The results paint a markedly more positive picture than previous years for European luxury companies.
Last year, the global market for personal luxury goods failed to grow for the first time since the financial crisis, stalling at €249 billion, according to the consulting firm Bain & Company. The sector had been hit by an economic slowdown in China, currency volatility harming the bottom line, and customer sentiment that was damped by violence and terrorist attacks.
That is now changing, and the performance of European marques this year has been bolstered by a resurgence in Chinese consumer spending, both at home and abroad, a recovery in Europe’s tourism sector, and efforts by luxury brands to identify and respond to the tastes of specific groups of consumers, particularly millennials.
Louis Vuitton, for example, unveiled a wildly popular collaboration with the cult streetwear label Supreme last month, via limited–edition drops in pop-up stores around the world, a sales strategy embraced by under-25s. Gucci, which has a strong and varied digital base, was one of the first brands to display its shows on Snapchat and has said that millennials make up almost half of its consumer base.
“The market is facing a ‘newness imperative’ as many luxury consumers — especially Chinese shoppers who buy more and more frequently — already own enough of the core pieces and staples,” said Luca Solca, who heads luxury research at Exane BNP Paribas. “Hence they will only part with their money if brands bring them something really new and exciting. Those on top are the brands who have recognized that.”
The success of European luxury giants stands in contrast to their rivals across the Atlantic.
Having failed to maintain an adequate balance between ubiquity and exclusivity — a formula that has come to dictate the success or failure of a modern luxury brand — the likes of Ralph Lauren, Michael Kors and Coach are now grappling with the effects of overexposure and a devaluation of their brand in the eyes of shoppers.
An overexpanded store network, excessive discounting and an overreliance on outlet sales have hit their results hard. To make matters worse, traffic to shopping malls and department stores in North America has been in a long-running decline, and online competitors, most notably Amazon, are making headway.
Unlike LVMH and Kering, companies that eschewed discounting to maintain pricing power and market position, affordable-luxury kingpins in the United States chased meteoric growth targets, which have since come crashing down.

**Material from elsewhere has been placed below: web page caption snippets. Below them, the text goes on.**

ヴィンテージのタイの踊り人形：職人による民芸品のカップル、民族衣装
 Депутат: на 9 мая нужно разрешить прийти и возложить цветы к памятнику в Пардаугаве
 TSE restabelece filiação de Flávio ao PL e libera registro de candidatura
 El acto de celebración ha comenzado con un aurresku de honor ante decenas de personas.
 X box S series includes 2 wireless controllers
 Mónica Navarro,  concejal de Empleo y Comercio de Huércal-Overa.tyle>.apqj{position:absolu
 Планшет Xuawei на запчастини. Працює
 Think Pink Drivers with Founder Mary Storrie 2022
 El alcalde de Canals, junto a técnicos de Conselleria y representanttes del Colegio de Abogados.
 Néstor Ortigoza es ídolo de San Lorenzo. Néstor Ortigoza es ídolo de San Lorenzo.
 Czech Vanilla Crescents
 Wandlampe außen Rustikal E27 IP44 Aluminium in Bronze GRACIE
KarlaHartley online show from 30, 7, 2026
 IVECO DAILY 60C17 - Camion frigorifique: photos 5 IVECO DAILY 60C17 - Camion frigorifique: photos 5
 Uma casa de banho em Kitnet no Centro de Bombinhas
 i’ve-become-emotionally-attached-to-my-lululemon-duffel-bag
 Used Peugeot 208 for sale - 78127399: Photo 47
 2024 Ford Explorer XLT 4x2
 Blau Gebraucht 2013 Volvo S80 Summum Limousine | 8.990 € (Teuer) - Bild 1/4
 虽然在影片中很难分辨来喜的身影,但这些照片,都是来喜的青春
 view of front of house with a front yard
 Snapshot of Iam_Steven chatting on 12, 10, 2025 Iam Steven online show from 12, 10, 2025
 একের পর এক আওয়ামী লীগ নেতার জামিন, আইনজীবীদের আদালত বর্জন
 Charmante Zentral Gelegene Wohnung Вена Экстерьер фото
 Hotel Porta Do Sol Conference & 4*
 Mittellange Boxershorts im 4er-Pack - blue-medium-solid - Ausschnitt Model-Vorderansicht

Several are now locked in an arms race to buy up new brands both to increase growth and to diversify. In May, Coach bought the handbag brand Kate Spade for $2.4 billion, and this week Michael Kors looked upmarket — and to Europe — for its first major acquisition, buying the luxury London-based shoemaker Jimmy Choo for $1.2 billion.
With shoppers appearing to gravitate toward extreme ends of the spectrum — either toward fast-fashion giants like Zara and H&M, or top-tier houses like Gucci and Fendi — those that occupied the “middle market” have been left painfully exposed.
Despite their glowing reported results, however, even the European power players voiced caution.
Bernard Arnault, the chairman and chief executive of LVMH, warned that its results had been helped by the favorable comparison against results from a year ago, when sales were hit by a fall in tourists to Paris after terrorist attacks in France.
Kering, meanwhile, warned that a stronger euro could hurt sales and curb tourism, resulting in more moderate growth in the future.
Still, its Gucci brand accounts for around half of Kering’s total sales. And this week, at the Gucci Bond Street store, customer appetite showed no sign of slowing. Though the line outside the shop had been short in the morning, come lunchtime it was snaking around the block.